George Orwell's example for Australian journalists

  • 20 September 2012

As Australia undergoes a multilayered debate about the quality of its journalism, it is worth remembering that the best political writing not only analyses, but outlives the events it describes. George Orwell's work exemplifies this. Although he achieved acclaim for his novels 1984 and Animal Farm, he was also a brilliant essayist. He worked briefly for the BBC between 1941 and 1943 and is today honoured in the Orwell Prize for political writing.

Recently, BBC director general Mark Thompson turned down a proposal by the George Orwell Memorial Trust to erect a statue of the author on the broadcaster's premises. According to Labour peer Dame Joan Bakewell, the refusal was made on the grounds that Orwell 'would be perceived as too left-wing a figure for the BBC to honour'. The Trust awaits planning permission to erect a statue in the nearby Portland Place.

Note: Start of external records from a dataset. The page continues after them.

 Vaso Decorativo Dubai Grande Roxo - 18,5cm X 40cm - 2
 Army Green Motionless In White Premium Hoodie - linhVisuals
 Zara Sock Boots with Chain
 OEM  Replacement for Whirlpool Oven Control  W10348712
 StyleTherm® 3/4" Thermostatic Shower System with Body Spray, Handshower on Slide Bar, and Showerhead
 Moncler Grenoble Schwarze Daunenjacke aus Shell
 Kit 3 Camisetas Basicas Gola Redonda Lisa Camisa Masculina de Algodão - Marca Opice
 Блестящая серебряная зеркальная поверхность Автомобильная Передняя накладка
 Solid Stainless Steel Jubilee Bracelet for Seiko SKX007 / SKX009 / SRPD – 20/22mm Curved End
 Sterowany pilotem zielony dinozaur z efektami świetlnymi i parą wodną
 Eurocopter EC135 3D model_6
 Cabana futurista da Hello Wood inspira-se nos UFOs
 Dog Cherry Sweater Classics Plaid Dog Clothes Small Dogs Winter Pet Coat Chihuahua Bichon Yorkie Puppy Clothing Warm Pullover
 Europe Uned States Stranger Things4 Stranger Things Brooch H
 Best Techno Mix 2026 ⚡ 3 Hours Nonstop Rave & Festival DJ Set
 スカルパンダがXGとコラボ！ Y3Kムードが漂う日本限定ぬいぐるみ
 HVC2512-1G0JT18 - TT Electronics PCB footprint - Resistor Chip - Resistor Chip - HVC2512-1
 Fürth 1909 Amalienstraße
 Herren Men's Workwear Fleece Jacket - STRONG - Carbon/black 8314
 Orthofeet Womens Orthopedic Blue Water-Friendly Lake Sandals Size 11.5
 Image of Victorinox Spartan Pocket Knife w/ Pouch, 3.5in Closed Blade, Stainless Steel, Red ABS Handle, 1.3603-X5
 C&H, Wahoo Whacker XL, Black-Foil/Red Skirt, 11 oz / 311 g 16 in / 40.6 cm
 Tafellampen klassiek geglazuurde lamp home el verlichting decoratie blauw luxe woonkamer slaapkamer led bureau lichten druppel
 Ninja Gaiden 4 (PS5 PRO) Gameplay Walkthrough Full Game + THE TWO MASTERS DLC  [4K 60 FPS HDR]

These events have renewed debate in Britain as to whether Orwell was indeed 'left-wing' or ought to be regarded as conservative. Political animals of all stripes have long sought to claim Orwell, along with his penetrating insights, luminous prose, and subtle wit.

Those towards the right of the spectrum value Orwell's clear-sighted critiques of communism and his contempt for 'orthodoxy sniffers' willing to diminish or deny the horrors of Stalinist Russia in the interests of ideological purity. Orwell was also dismissive of the 'cranks' he encountered in leftist circles and wrote disparagingly of 'left-wing intellectuals who are so 'enlightened' that they cannot understand the most ordinary emotions'.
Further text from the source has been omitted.